USAF to step up RE: Widefield Aquifer pollution

Photo via USAF Air Combat Command
Photo via USAF Air Combat Command

From The Colorado Springs Gazette (Matt Steiner):

While Col. Doug Schiess, commander of the 21st Space Wing at Peterson Air Force Base, wouldn’t elaborate on details of the five-year plan, he said information about an internal Air Force report would be released in late June or early July.

The Air Force used firefighting foam at the base for decades that contained perfluorinated compounds. High quantities of the chemical in drinking water from the Widefield Aquifer triggered an EPA advisory last spring.

A Gazette investigation in October revealed that the service kept the foam in use despite Defense Department studies over the years that showed it was harmful to laboratory animals.

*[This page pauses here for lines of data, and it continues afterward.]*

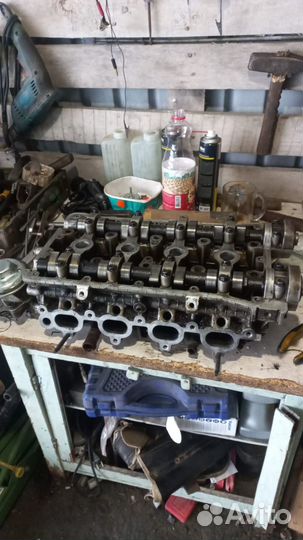 Головка гбц daewoo nexia 16 1.5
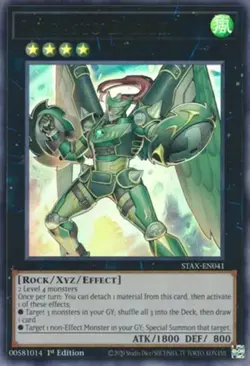 Yugioh! Daigusto Emeral - STAX-EN041 - Ultra Rare - 1st Edition Near Mint, Engli - Image 1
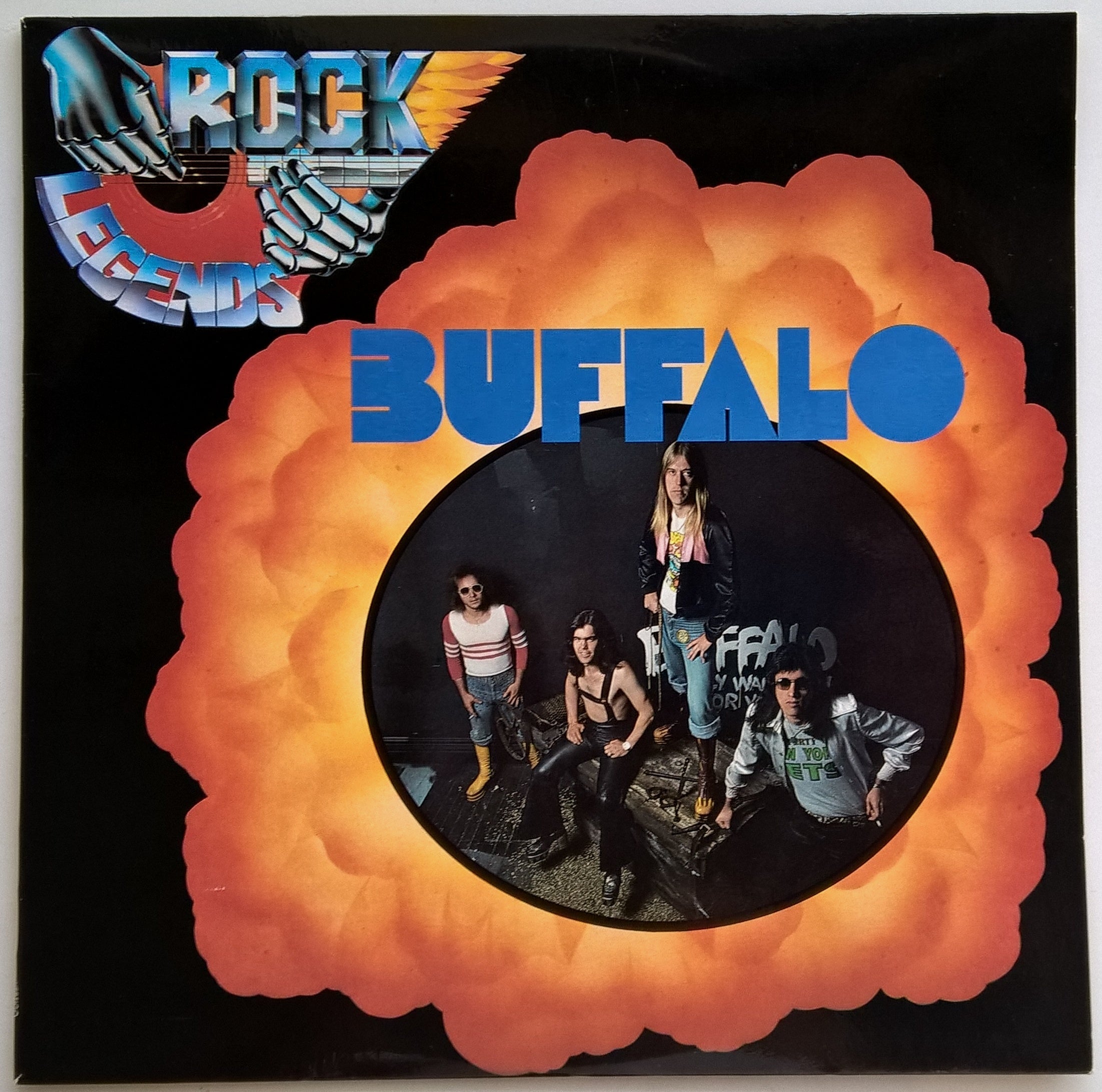 Buffalo - Classic Rock Legends Compilation Album
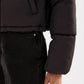 Nude Lucy Topher Puffer Jacket in Coal - the tartan fox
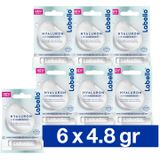 Labello - Lippenbalsem - Hyaluron - 6x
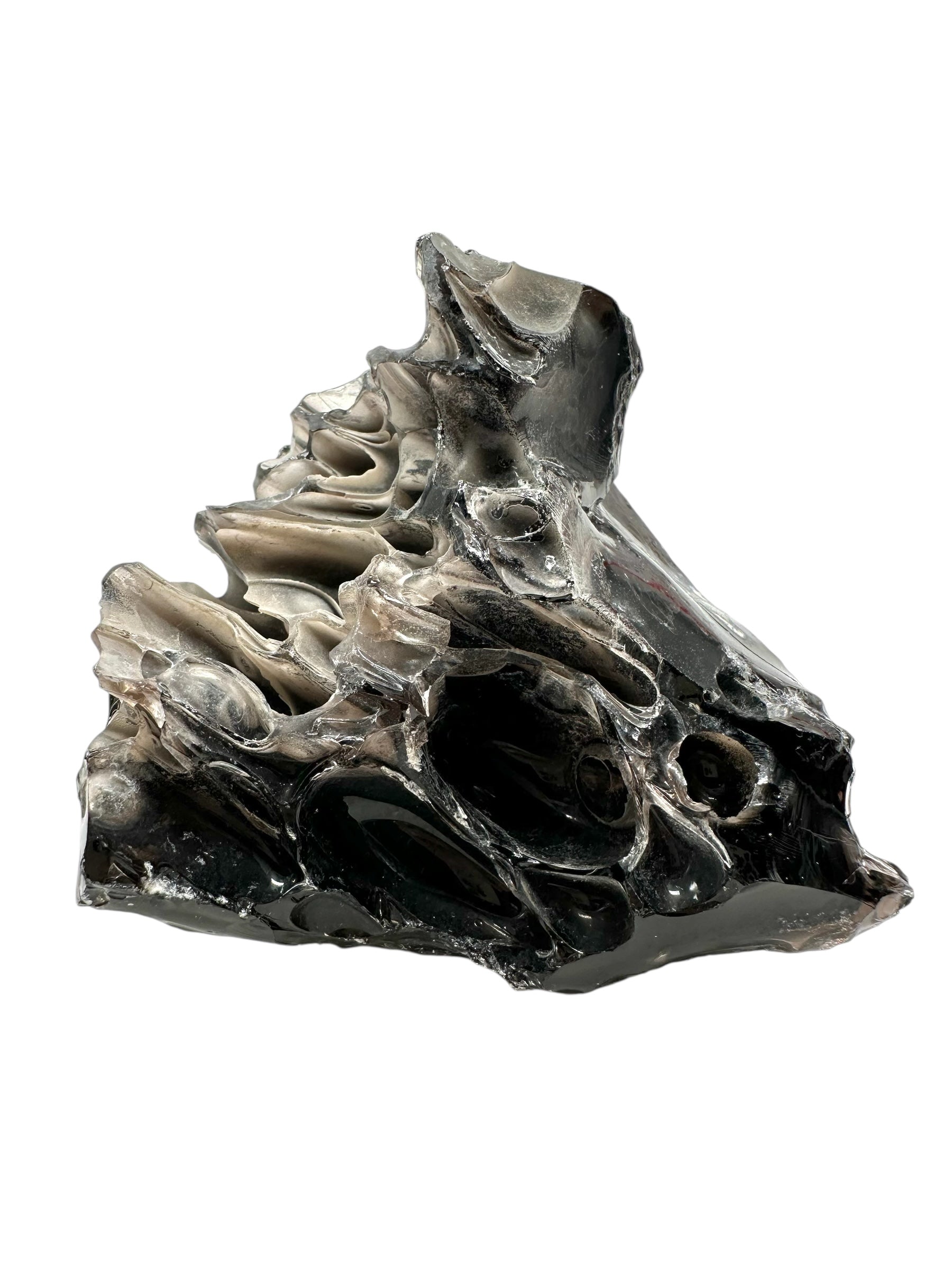 Bubble Obsidian 420,6g – Lake Sevan, Armenia - BUO09
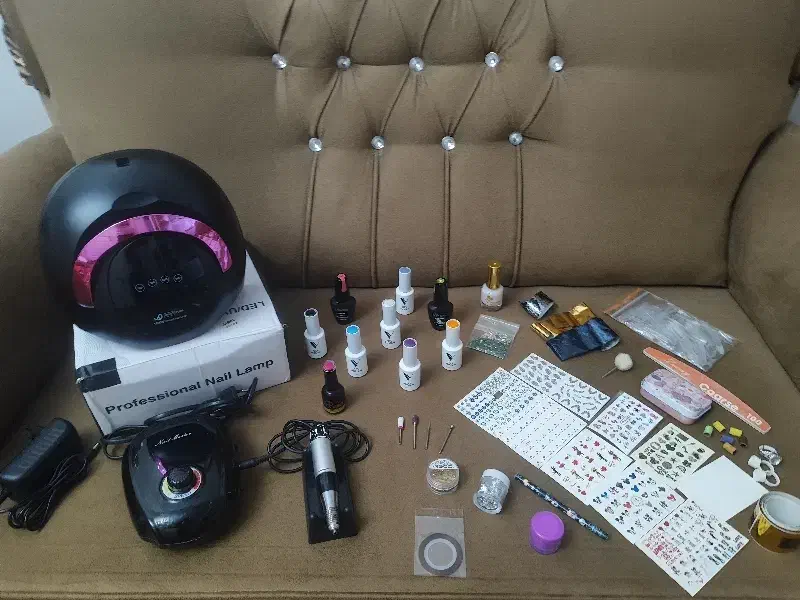 وسایل کاشت ناخن سوهان برقی|آرایشی، بهداشتی، درمانی|تبریز, |دیوار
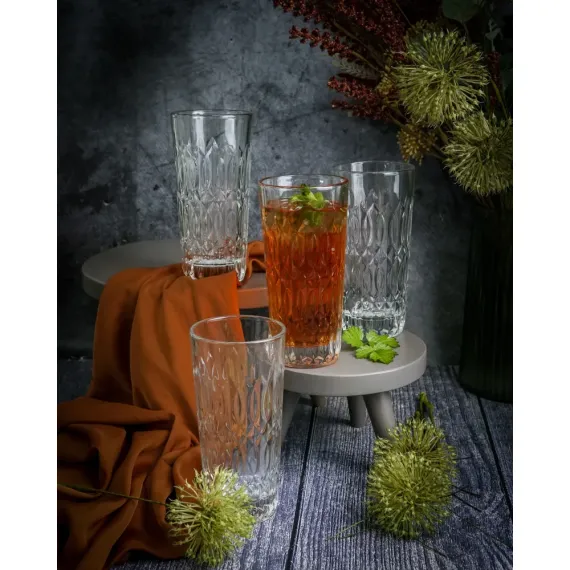 Набор из 6-ти стаканов H/B 360 мл, h 15,4 см, d 7,5 см, серия VERONE, La Rochere, изображение 11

Commissioners Longinos Gonzalez and Mark Waller pressed Schiess to reveal how much the mitigation work would cost and who would pay the bill if more contamination was found after the five-year time frame.

“That will be done at a much higher level in the Air Force,” Schiess said, when asked if the reclamation funds were readily available now. “They know that that is a big bill and they have put some money aside. That is being budgeted, but I don’t have details.”


Schiess said the five-year plan will ensure that the ground near Peterson and at the Colorado Springs Airport is free of perflourinated compounds. When ingested, the chemicals can remain in the body for decades. The colonel said natural, untainted runoff will eventually dilute the watershed and bring it up to Environmental Protection Agency standards for safe water…

Perfluorinated chemicals have been used in nonstick pans, in stain-resistant treatments for carpet and even in fast-food containers for decades.

Air Force studies done as early as 1979 revealed that the perfluorinated chemical in its firefighting foam caused liver damage, cellular damage and low birth weight to laboratory animals. It has also been tagged as a potential carcinogen.

Last year, EPA lowered its health advisory levels for perfluorinated compounds to 70 parts per trillion, changing the status of some wells that had been previously deemed safe.

On Thursday, Schiess said that the internal draft report about the contamination in southern El Paso County will likely be completed by the contractor in March. The Air Force will send its final report to the EPA in late April. And that information will be ready for public consumption in June or July, he said.

Schiess also brought the commissioners up to date on interim efforts to treat drinking water using filters for homes and businesses.

He said the Air Force had contacted about two dozen residents who had been using bottled water in their homes. According to the colonel, six homeowners declined offers to install reverse osmosis filtration systems, and four have had those measures implemented.

Schiess said the Fountain Valley Shopping Center is still using bottled water and others, such as Venetucci Farm and the Norad View Mobile Home Park are using granular activated carbon filters.